▸ THE PROBLEM: Would you return, word for word, the lines of the data below from the line with "Chiratae Ventures Leads" through the line with "Tai nghe Skullcandy Crusher ANC", and no others?

Items from a dataset:
┌──

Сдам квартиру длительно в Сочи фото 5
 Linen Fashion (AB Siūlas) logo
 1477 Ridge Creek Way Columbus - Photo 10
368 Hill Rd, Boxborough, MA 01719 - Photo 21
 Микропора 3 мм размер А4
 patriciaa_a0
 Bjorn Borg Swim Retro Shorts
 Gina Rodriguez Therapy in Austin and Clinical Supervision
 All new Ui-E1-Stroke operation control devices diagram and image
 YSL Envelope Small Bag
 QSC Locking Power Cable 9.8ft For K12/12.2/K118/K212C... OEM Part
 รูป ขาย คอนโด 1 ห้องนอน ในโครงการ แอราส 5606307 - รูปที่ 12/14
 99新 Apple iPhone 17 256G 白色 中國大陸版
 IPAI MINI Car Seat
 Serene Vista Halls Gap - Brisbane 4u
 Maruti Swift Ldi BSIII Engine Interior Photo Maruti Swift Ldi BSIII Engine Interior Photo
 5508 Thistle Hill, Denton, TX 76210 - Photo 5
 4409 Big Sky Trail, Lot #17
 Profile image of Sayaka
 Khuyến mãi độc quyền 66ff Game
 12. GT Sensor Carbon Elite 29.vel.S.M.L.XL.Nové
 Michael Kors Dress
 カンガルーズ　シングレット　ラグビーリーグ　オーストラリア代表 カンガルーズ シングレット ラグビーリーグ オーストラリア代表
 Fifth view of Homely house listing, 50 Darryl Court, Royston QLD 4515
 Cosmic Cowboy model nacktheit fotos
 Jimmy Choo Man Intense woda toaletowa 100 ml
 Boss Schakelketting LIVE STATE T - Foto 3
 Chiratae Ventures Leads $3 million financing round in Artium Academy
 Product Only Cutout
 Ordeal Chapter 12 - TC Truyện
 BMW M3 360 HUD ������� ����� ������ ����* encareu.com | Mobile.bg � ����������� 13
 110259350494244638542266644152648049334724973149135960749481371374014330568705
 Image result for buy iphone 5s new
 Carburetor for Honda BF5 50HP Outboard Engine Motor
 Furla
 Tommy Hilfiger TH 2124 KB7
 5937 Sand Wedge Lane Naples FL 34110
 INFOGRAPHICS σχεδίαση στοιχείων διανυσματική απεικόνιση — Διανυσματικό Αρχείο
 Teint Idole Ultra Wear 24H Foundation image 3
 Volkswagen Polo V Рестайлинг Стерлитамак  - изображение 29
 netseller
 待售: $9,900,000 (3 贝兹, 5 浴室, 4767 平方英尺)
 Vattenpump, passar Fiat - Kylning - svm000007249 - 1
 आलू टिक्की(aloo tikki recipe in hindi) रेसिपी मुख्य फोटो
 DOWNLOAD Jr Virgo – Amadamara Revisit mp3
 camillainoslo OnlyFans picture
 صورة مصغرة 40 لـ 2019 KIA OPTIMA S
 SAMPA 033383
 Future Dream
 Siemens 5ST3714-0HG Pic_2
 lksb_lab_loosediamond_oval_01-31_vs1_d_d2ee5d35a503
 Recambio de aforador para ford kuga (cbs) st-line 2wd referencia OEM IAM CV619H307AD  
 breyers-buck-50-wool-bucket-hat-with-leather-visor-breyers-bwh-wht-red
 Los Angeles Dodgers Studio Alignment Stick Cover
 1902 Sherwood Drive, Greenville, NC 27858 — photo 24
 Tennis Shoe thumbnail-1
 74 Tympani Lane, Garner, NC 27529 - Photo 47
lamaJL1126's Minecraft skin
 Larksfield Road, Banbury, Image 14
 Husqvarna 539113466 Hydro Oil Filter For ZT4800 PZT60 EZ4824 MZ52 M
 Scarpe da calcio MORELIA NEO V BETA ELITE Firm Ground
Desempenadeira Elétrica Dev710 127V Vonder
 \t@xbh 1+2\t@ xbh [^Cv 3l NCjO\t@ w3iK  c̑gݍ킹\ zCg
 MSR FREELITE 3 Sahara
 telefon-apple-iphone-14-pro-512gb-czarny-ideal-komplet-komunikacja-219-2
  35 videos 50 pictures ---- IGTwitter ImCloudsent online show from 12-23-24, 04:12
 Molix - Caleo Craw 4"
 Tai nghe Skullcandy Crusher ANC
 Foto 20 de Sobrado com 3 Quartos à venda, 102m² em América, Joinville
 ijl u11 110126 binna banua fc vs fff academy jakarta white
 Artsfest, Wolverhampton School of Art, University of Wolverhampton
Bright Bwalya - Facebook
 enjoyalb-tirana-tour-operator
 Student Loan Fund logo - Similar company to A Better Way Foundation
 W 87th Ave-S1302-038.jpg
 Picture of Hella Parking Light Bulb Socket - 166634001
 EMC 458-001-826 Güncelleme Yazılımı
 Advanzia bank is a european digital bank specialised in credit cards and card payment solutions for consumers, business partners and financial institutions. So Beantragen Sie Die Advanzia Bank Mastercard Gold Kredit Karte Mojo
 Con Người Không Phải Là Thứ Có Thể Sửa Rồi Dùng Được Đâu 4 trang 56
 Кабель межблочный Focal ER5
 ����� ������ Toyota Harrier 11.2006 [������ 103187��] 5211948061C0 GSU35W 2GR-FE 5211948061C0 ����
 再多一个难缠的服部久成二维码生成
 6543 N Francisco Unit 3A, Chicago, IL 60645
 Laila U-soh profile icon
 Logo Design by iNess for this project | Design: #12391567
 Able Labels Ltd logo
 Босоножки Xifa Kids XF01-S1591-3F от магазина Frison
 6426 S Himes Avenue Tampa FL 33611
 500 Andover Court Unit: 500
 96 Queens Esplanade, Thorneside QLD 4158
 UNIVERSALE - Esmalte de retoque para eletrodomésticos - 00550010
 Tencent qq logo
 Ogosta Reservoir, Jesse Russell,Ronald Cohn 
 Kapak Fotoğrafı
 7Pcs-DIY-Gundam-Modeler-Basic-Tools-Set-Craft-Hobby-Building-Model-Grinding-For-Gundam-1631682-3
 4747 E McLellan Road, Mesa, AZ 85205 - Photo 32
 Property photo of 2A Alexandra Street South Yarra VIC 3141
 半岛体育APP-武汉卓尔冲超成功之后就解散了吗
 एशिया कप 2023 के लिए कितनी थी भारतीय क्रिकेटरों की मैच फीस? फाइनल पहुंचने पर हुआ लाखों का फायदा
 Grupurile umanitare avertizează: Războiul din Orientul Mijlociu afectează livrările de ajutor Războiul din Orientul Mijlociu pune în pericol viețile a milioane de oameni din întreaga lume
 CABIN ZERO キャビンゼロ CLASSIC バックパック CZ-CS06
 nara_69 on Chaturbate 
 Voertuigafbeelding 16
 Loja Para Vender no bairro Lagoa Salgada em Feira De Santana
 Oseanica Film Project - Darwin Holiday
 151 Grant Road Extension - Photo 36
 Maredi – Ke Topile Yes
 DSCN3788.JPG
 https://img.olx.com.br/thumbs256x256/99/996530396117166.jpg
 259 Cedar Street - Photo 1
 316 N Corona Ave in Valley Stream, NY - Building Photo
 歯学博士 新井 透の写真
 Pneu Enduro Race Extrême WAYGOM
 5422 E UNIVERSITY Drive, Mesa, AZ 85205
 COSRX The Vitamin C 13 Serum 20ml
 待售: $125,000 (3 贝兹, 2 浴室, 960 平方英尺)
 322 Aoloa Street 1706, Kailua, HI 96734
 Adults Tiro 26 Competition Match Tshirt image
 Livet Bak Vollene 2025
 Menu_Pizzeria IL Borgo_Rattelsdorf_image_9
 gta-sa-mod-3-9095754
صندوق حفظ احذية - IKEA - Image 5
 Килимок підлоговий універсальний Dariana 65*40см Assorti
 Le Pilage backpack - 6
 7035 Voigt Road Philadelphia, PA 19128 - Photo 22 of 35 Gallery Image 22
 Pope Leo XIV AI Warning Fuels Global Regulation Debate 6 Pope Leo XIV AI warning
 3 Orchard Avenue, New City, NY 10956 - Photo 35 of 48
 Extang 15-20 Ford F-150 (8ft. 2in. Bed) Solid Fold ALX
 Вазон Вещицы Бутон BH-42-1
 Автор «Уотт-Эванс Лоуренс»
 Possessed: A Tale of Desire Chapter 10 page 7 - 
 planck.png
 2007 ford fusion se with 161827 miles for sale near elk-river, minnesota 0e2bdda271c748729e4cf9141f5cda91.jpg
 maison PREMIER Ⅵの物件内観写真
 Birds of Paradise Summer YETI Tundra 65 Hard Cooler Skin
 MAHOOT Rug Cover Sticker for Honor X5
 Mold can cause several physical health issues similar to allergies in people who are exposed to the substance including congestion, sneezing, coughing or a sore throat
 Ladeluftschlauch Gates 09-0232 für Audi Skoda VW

└──

▸ YOUR SOLUTION:
 Chiratae Ventures Leads $3 million financing round in Artium Academy
 Product Only Cutout
 Ordeal Chapter 12 - TC Truyện
 BMW M3 360 HUD ������� ����� ������ ����* encareu.com | Mobile.bg � ����������� 13
 110259350494244638542266644152648049334724973149135960749481371374014330568705
 Image result for buy iphone 5s new
 Carburetor for Honda BF5 50HP Outboard Engine Motor
 Furla
 Tommy Hilfiger TH 2124 KB7
 5937 Sand Wedge Lane Naples FL 34110
 INFOGRAPHICS σχεδίαση στοιχείων διανυσματική απεικόνιση — Διανυσματικό Αρχείο
 Teint Idole Ultra Wear 24H Foundation image 3
 Volkswagen Polo V Рестайлинг Стерлитамак  - изображение 29
 netseller
 待售: $9,900,000 (3 贝兹, 5 浴室, 4767 平方英尺)
 Vattenpump, passar Fiat - Kylning - svm000007249 - 1
 आलू टिक्की(aloo tikki recipe in hindi) रेसिपी मुख्य फोटो
 DOWNLOAD Jr Virgo – Amadamara Revisit mp3
 camillainoslo OnlyFans picture
 صورة مصغرة 40 لـ 2019 KIA OPTIMA S
 SAMPA 033383
 Future Dream
 Siemens 5ST3714-0HG Pic_2
 lksb_lab_loosediamond_oval_01-31_vs1_d_d2ee5d35a503
 Recambio de aforador para ford kuga (cbs) st-line 2wd referencia OEM IAM CV619H307AD  
 breyers-buck-50-wool-bucket-hat-with-leather-visor-breyers-bwh-wht-red
 Los Angeles Dodgers Studio Alignment Stick Cover
 1902 Sherwood Drive, Greenville, NC 27858 — photo 24
 Tennis Shoe thumbnail-1
 74 Tympani Lane, Garner, NC 27529 - Photo 47
lamaJL1126's Minecraft skin
 Larksfield Road, Banbury, Image 14
 Husqvarna 539113466 Hydro Oil Filter For ZT4800 PZT60 EZ4824 MZ52 M
 Scarpe da calcio MORELIA NEO V BETA ELITE Firm Ground
Desempenadeira Elétrica Dev710 127V Vonder
 \t@xbh 1+2\t@ xbh [^Cv 3l NCjO\t@ w3iK  c̑gݍ킹\ zCg
 MSR FREELITE 3 Sahara
 telefon-apple-iphone-14-pro-512gb-czarny-ideal-komplet-komunikacja-219-2
  35 videos 50 pictures ---- IGTwitter ImCloudsent online show from 12-23-24, 04:12
 Molix - Caleo Craw 4"
 Tai nghe Skullcandy Crusher ANC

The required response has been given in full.